REQUIRED ACTION
Which lines below fall between the one containing "T-Shirt aus Bio-Baumwolle" and the one containing "Rainbow Fluorite Pebble Headband"? Repeat them exactly, counting both of those lines, and add nothing else.
___ MATERIAL FOR THIS TASK
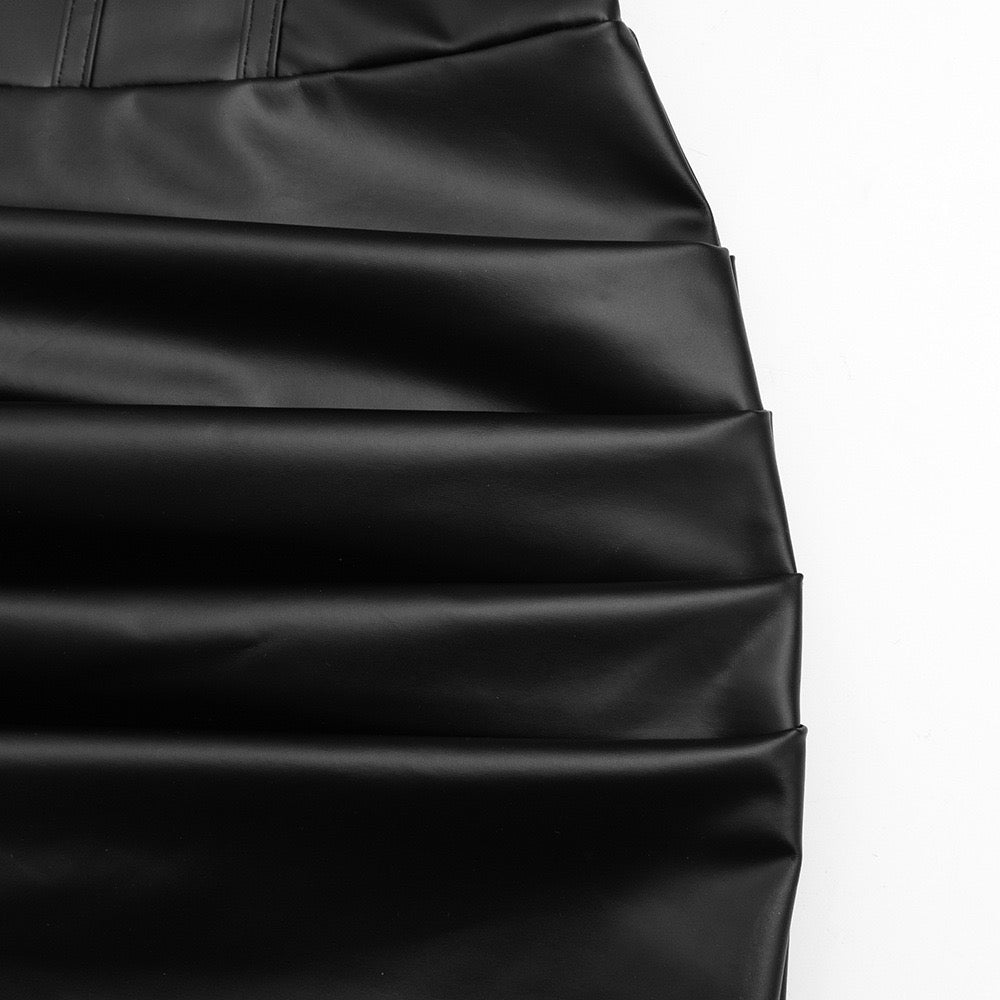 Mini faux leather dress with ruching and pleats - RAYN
______
___ MATERIAL FOR THIS TASK
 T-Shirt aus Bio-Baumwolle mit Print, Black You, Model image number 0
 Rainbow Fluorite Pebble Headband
______
SOLUTION
 T-Shirt aus Bio-Baumwolle mit Print, Black You, Model image number 0
 Rainbow Fluorite Pebble Headband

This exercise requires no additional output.